German radio correspondent based in Buenos Aires Gabriela Weber, who is investigating the alleged theft of children by a US diplomat during the Argentine military dictatorship (1976-1983) apparently has been permanently denied her request for an entrance visa.
Weber has long reported for German news media, specializing in investigations of Nazi war criminals and human rights violations in South America. She is perhaps best known for her lawsuit that forced Germany’s intelligence service last year to open thousands of files on top Nazi Adolf Eichmann, some of which showed that the U.S. and Germany knew he was hiding in Argentina after World War II.
“It seems to me that the attitude of the State Department has to do with my investigations in the US National Archives” said Weber who on March 18 received a letter stating she remains “permanently ineligible” because she “misrepresented material facts”.
US Buenos Aires Embassy spokeswoman Shannon Farrell said privacy laws governing migration decisions prevented her from commenting on the visa denial.
According to the French news agency AFP, the journalist came to Argentina to investigate the illegal adoption of children of disappeared political prisoners during the military dictatorship.
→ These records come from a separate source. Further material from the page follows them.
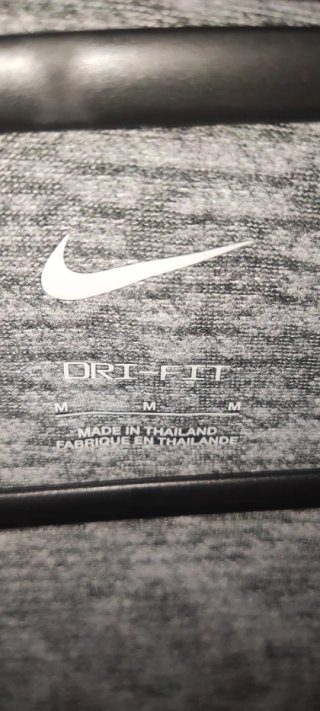 Camiseta Nike running Gris manga corta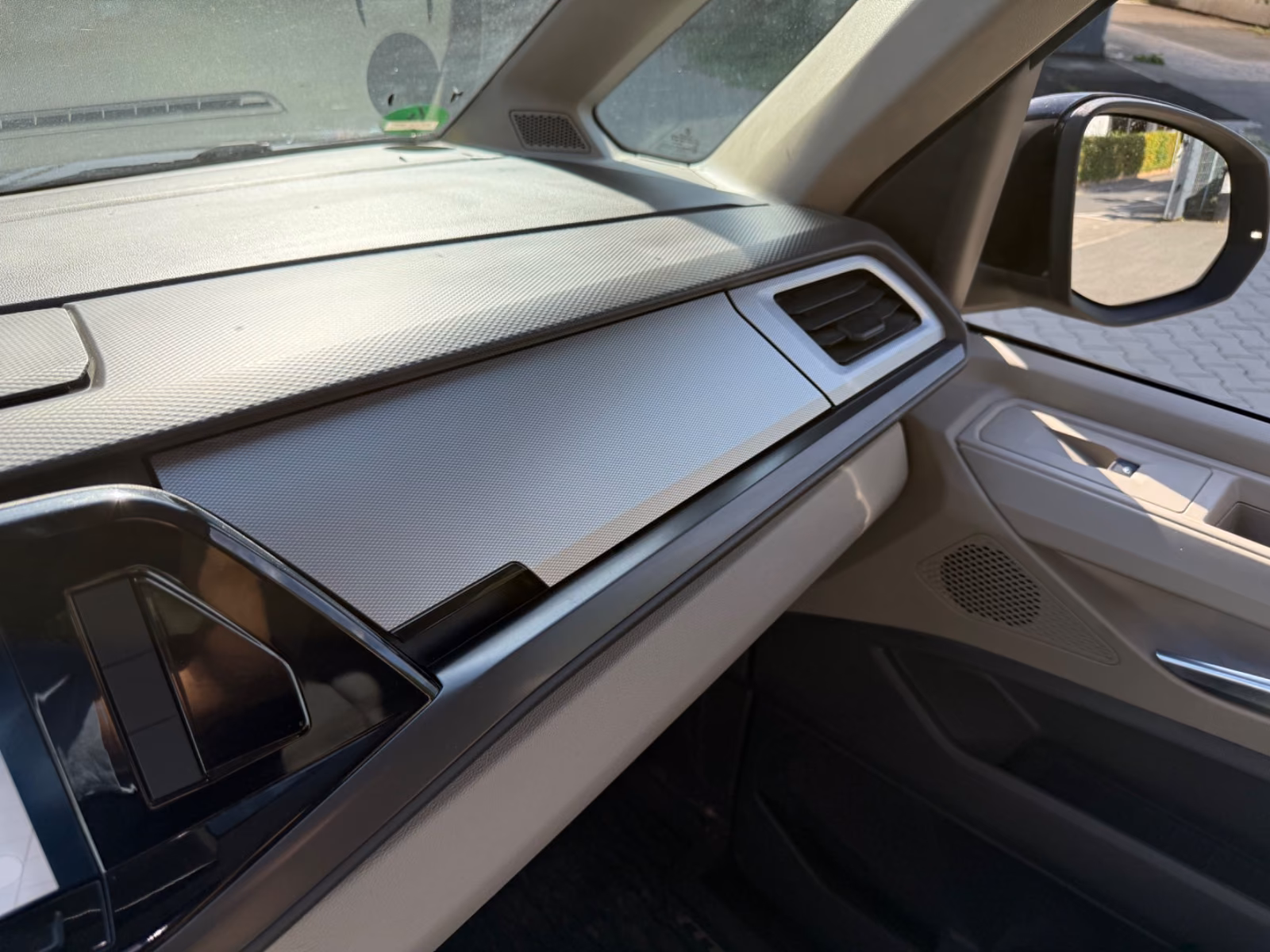 Volkswagen T7 Multivan 2.0 TDI MwSt DSG 6 Sitze AHK ACC LED, миниатюра 22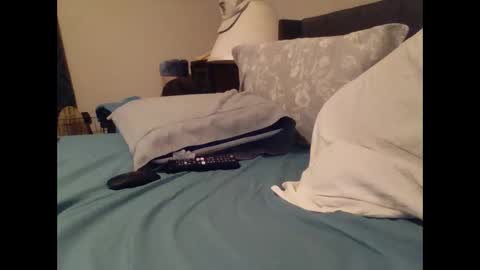 Snapshot of fitbit90 chatting on 04.05.26 FitBit online show from 04.05.26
Weber wanted to travel to the United States to continue her investigation, as she allegedly has evidence linking diplomatic military Willaim Desreis with the crimes.
The Foreign Correspondents Association of Argentina (ACE) interceded on Weber’s behalf and called on the US to explain its denial, the Associated Press explains. “The inability to enter the United States is causing serious harm to our member Gabriele Weber’s journalistic research” complained ACE.
In August 2010, Weber was deported to Buenos Aires seven hours after arriving in Washington with an ESTA visa, which is required for German citizens, the AFP reports. On returning to Argentina, she applied for a journalist visa, but was denied.